Let’s just say he struck out 160 times in all of his combined at-bats this season. He also had 156 strikeouts and 112 strikeouts over the past two years.

Even though his strikeout percentage has decreased slightly each season, he needs to work on making more contact. An article on cites a scout’s take on Carter’s swing: “Obviously he profiles as a 1B with the huge power potential but he may set new records for strikeouts that even Adam Dunn can’t live up to. He is a dead red bat. He can handle the fastball and even some mistakes with other offerings but they have to be up.”

The scout also followed up, in the same article, with the prediction that he could easily see Carter mashing 35 home runs a year, so the A’s and fantasy owners will have to live with the all or nothing approach.

The other aspect of Carter’s game which could hurt him a bit, particularly this year, is is his below average defensive ability.

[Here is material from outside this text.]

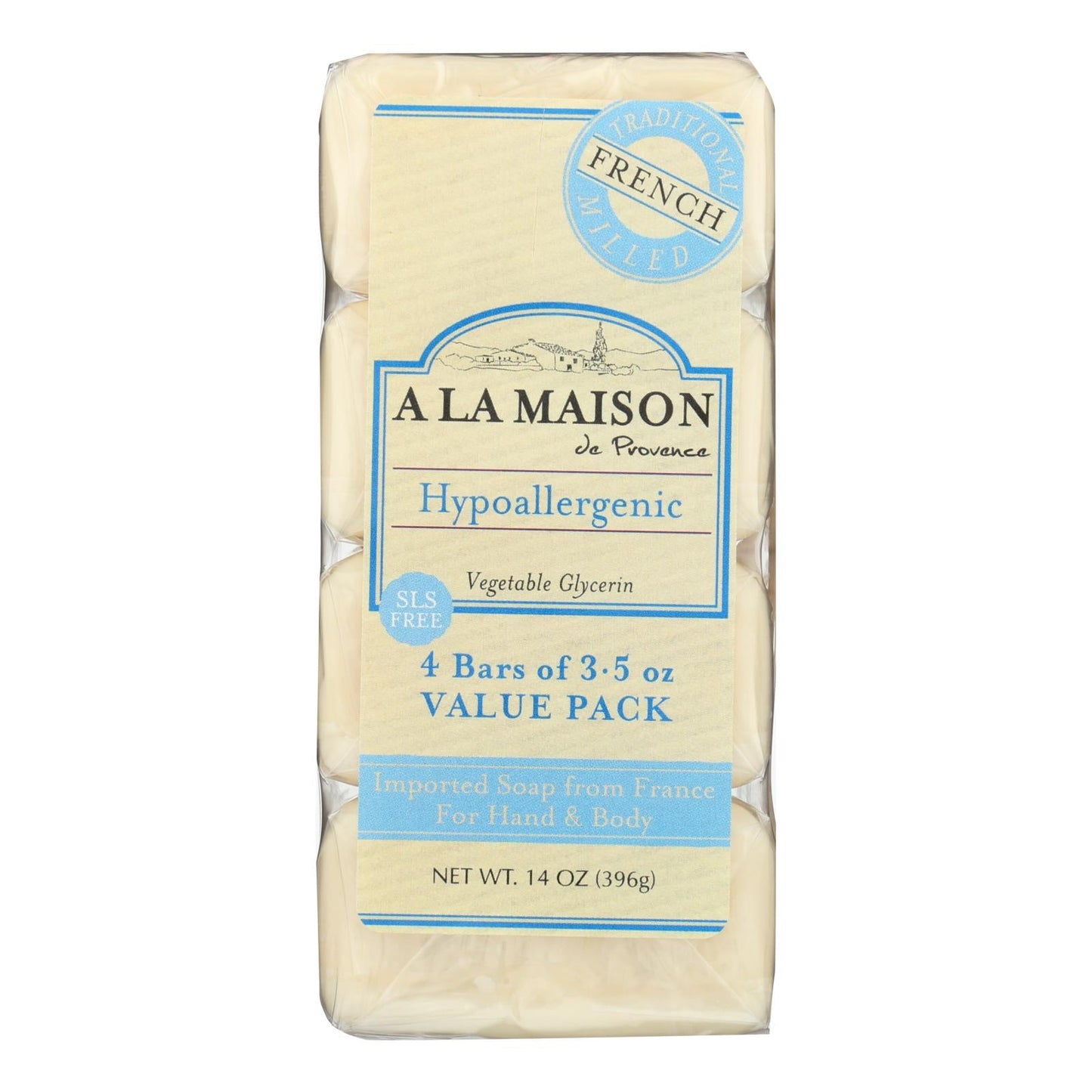A La Maison Unscented Bar Soap, 4-Pack, 3.5 oz Each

Better glove work from Carter would give him an edge, though with the collection of players Oakland could run out at first base, it may not matter.

Daric Barton may be a decent fielder at first, but he’s been a bust otherwise. ISO’s in the low to mid 100’s don’t really fill the criteria managers look for in a first basemen.

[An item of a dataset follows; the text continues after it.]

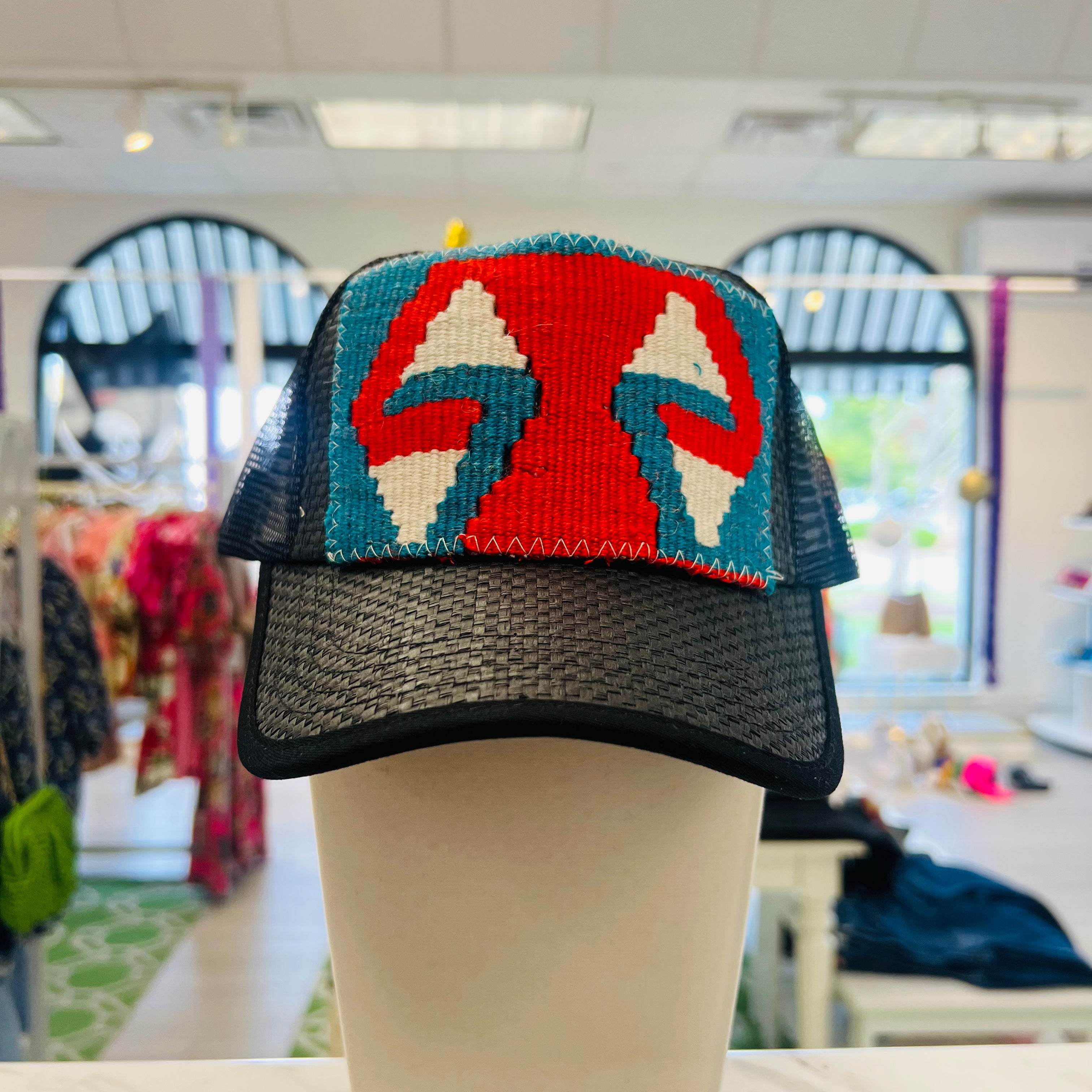 ORIJINAL Straw Trucker Hat in Black -  Red/White/Blue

Especially in a lineup that doesn’t have a single bona fide power hitter, Carter may be able to fill that void.

Even if Carter seems like a home run hitter and nothing else, he still received the honor from the Minor Leagues as the best hitter of the year, so he’s certainly grabbing the attention of more than just Oakland fans.

Frank Piliere of FanHouse recently released his top 100 prospects for 2010 and had Carter slotted 26th overall. He had this to say: “Carter absolutely bashed his way into this spot. He followed up his massive 39-homer 2008 campaign by slugging 28 more between Double-A and Triple-A in 2009. His strikeouts are somewhat of a concern, but the superb plate discipline and power should allow him to be an offensive force at first base.”

Carter’s game is simple: he strikes out a lot and he hits home runs. He had 118 HR in 2,047 at-bats, although more encouragingly, 92 of them were over the past three years.

We’ve seen examples of what those types of players can do: look at Chris Davis as a present failure and Ryan Howard as a success.

The A’s may have some great young pitching, but what do they have to look forward to in the lineup? Who will provide those fireworks every once in a while?

If Carter starts off fast in spring training, I really believe it will be him.

Carter could prove to be a nice later round gamble in fantasy drafts. Speaking to the Rotoprofessor a few days ago about my current keepers in a fantasy league, I told him that if I had two fringe hitters and one of them played first base, I’d most likely not choose the first basemen.

First base is deep, and players like Carter—success or not—make it so.

I’ll be taking a chance this year; will you?